The FSA has fined London-based insurer Mitsui Sumitomo Insurance Company (Europe) £3.34m for “serious corporate governance failings.”

It has also banned the company’s former executive chairman Yohichi Kumagai and fined him £119,303.

The regulator decided that Mitsui Europe had breached its rules by not taking reasonable care to organize its business properly, while Kumagai had not controlled the company well enough to make sure it was compliant.

The FSA said Kumagai joined the London arm of Mitsui Europe as executive chairman 2009 on rotation from the Japan parent company, Mitsui Sumitomo Insurance Company (Japan). Often these rotated staff knew little of non-Japanese insurance, the regulator said.

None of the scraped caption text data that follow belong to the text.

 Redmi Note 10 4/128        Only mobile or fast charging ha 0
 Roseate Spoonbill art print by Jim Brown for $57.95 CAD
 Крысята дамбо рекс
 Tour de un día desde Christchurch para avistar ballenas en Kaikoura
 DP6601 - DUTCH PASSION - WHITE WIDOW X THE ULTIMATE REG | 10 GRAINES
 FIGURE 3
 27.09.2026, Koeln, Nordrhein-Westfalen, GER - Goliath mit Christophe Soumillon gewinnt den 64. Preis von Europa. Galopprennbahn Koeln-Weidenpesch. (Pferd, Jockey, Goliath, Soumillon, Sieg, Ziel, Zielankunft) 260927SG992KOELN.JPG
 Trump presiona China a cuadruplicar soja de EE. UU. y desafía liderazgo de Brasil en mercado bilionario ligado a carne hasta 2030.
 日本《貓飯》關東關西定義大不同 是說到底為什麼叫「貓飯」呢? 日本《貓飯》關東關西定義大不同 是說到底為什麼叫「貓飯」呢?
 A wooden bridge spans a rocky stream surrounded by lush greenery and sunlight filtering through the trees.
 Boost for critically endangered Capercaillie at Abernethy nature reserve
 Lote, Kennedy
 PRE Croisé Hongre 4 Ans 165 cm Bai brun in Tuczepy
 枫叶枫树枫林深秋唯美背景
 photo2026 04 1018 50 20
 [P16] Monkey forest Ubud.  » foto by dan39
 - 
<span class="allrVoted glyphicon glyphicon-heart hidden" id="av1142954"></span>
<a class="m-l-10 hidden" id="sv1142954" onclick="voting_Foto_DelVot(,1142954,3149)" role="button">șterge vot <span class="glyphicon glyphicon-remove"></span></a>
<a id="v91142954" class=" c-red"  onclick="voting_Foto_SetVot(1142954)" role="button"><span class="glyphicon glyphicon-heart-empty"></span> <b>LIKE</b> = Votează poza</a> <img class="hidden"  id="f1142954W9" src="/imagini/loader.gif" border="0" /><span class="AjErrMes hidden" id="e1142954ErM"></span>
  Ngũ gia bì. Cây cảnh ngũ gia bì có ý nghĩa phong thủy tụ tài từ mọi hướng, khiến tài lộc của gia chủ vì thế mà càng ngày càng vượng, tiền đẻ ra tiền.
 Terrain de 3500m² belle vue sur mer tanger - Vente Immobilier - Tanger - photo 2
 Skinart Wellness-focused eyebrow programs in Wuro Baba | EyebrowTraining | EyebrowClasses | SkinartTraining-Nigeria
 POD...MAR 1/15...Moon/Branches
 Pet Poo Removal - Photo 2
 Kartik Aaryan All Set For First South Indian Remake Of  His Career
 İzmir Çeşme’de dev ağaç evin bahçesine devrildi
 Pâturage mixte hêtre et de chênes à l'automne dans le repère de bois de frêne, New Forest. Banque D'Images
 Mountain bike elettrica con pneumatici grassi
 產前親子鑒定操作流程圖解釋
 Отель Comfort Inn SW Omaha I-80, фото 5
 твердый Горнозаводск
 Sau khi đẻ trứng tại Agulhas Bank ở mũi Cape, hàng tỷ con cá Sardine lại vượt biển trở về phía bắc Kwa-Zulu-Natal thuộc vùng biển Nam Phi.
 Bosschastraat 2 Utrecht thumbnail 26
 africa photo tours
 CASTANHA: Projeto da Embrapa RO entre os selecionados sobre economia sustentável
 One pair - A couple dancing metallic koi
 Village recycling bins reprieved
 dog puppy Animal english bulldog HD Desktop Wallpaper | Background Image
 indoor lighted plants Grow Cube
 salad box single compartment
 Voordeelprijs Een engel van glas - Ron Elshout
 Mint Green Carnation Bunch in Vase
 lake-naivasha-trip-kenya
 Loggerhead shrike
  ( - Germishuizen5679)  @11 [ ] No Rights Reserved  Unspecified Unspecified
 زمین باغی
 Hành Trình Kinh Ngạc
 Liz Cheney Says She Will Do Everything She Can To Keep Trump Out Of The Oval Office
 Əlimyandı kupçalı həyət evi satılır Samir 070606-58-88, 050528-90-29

After Kumagai joined, the FSA wrote to him and Mitsui warning that Mitsui’s planned expansion into European markets would need a skilful and experienced board of directors to identify any risks.

The FSA said that despite this warning Kumagai did not make sure that the staff on the Mitsui Europe board had enough experience, knowledge or time to do their jobs properly.

For example, he failed to appoint a chief underwriting officer and did not roll out a new IT system well enough, according to the FSA.

The FSA said: “These were significant failings of corporate governance and control arrangements.” 

Acting FSA director of enforcement and financial crime Tracey McDermott said:

“Senior management must take responsibility for the firms that they run. Kumagai failed to respond adequately to the changing risks facing his business even after they had been pointed out by the FSA.” 

McDermott fired a warning shot to all financial services firms following the fine. She said: “If those who hold senior positions in financial services firms had had any doubt about how seriously we view their regulatory responsibilities, this fine and ban should make our position crystal clear.”